Ask me whether what I have done is my life. (From “What’s My Life”, a sermon by Rev. Dr. Kimberleigh Buchanan, available at http://day1.org/478-whats_my_life, accessed 18 August, 2010.)

 

 

I was reminded of this as we talked about what God intends for each of our lives:

 

Years ago, my brother had begun training his Labrador Retrievers to respond as hunting dogs and together they participated in what are called “hunt tests” in which the dogs have an opportunity to receive a title sanctioned by the American Kennel Club.  Now I love dogs but guns and shooting ducks and mud and weeds and swamps are not really my thing.  But one day I went to go watch my brother’s young dog Maggie do whatever it was she was supposed to do.  I didn’t really understand it.  Truth be told, it really made no sense to me at all.  I just went to support Donnie and Maggie.

It was so muddy that the only way to get into the test was with my brother’s four-wheel drive pick-up and then we had to walk about another half mile or so to go watch the test itself.  We stood and waited and I just listened to the early morning quiet.  Maggie and Donnie were standing at the end of this huge piece of flooded pasture land.  Then the quiet was interrupted by a gun shot followed by something falling into the water.  Maggie did not move.  She watched her destination and then when Donnie said “Maggie”, she took off toward it.  And I had the wonderful blessing of watching the most magnificent piece of Creation that I had ever seen.  With ears laid back and her whole body in connected motion, Maggie seemed to skim the shallow water, never veering from or taking her eyes off the mark.  What I realized was that Maggie was not acting out of obedience to Donnie or what he had taught her; she was being who she was supposed to be in the very deepest part of her being.

 

Living out one’s call from God is not easy.  Truth be told, I’m pretty sure that it’s not meant to be.  Some of it makes no sense in light of how we see the world.  I mean, really, look at Jeremiah.  Wouldn’t it have been a whole lot easier to just pull out the pastoral side of himself and tell these people what a great job they were doing being the people of God?  But instead, he became what God called him to be in the deepest part of his being.  He became who he was created to be.  And God saw that it was good.

 

  • What is your response to this passage?
  • What is it that you are called to “pluck down”?
  • What is it that you are called to “build up”?
  • Why do you think there is almost always a denial of a call before the acceptance?
  • What do you think of the notion of God knowing you before you were?
  • What does it mean to you to do with your life what God intends?

 

NEW TESTAMENT:  Hebrews 12:18-29

Read the passage from Hebrews

“This is your final warning!”  Throughout this book of Hebrews, the unknown writer has been warning us against neglecting our salvation, against neglecting our relationship with God.  Toward the end of the writing, there is one last warning issued.

The writer uses a contrast to issue this warning.  Two mountains, Sinai and Zion provide the basis for comparison.  The writer reminds us first of the experience of the Israelites at Sinai: the flames of fire, the mist and gloom, the trumpet blast, and a Voice too terrible to endure.

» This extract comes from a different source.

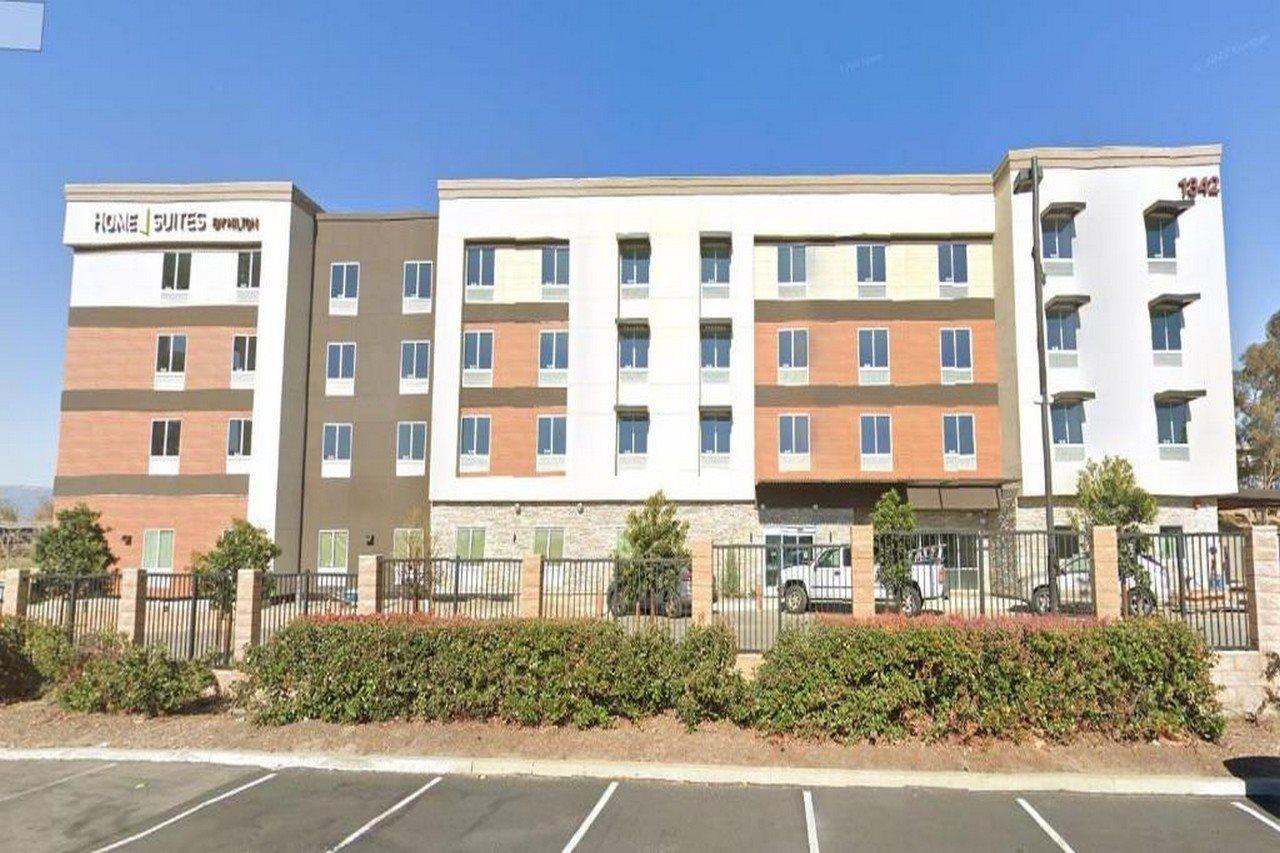 Home2 Suites By Hilton Redlands Bagian luar foto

But we have not come to worship at this frightening, inaccessible, isolated mountain. Instead, we have come to Mount Zion, the heavenly Jerusalem. A marvelous company gathers in this city of the living God. There are countless angels who have come to join in celebration and worship. There is the congregation of the first-born, the brothers and sisters of Jesus the firstborn. There are the spirits of righteous people. There is Jesus, who mediates a new covenant making possible a new access to God and divine blessing.

The writer interprets the prophetic word to refer to a global destruction of created things (“what is shaken”) so that eternal things (“what cannot be shaken”) may remain. For us, this shaking, painful as it is, is a moment of crisis that reorients our lives. As a result of this process of judgment, we lose the things that can be shaken—all that is temporary. But in the midst of such cataclysmic trial, there is good news because that which cannot be shaken abides. Most importantly, what abides is God’s unshakable kingdom—a kingdom we are receiving even now due to the new and living way to God that Jesus has opened for us. That awareness leads to joy and thankfulness because we participate in the eternal realm and reign of God. Through our participation in that kingdom, we may worship God aright, with reverence and awe, knowing our God is a consuming fire who burns away the ephemeral things of our lives and purifies the precious gold that abides.

The “final warning” is that we need to remember this and not get so wrapped up in what sustains us now, in what fulfills our life today.  There is something more.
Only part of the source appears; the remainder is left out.